> [Task goal]:
Each line of the data below from the one holding "Free Intricate architectural" to the one holding "A Bunch of Keys", inclusive, is to be reproduced exactly; no other line belongs in the answer.

> [Data for processing]:
╭──

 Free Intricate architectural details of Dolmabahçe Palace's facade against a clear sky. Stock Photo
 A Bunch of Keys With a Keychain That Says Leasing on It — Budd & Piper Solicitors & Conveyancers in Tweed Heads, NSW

╰──
╭──

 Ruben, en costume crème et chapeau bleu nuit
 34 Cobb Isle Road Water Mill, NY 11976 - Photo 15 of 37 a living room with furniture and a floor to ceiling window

╰──
╭──

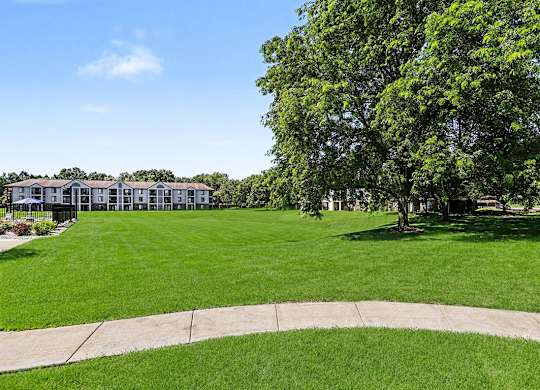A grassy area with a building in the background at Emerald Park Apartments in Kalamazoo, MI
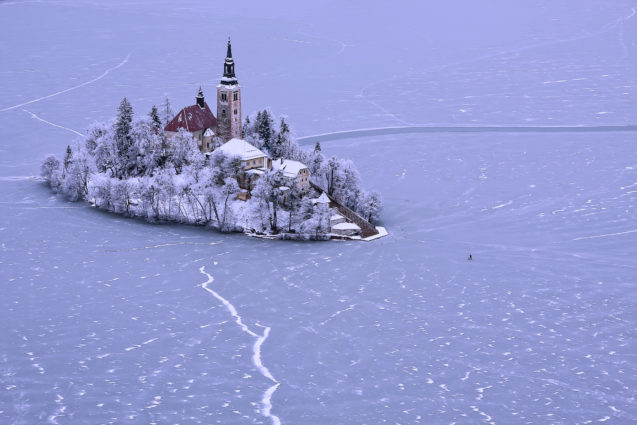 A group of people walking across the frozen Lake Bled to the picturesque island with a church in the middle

╰──

> [Response box]:
 Free Intricate architectural details of Dolmabahçe Palace's facade against a clear sky. Stock Photo
 A Bunch of Keys With a Keychain That Says Leasing on It — Budd & Piper Solicitors & Conveyancers in Tweed Heads, NSW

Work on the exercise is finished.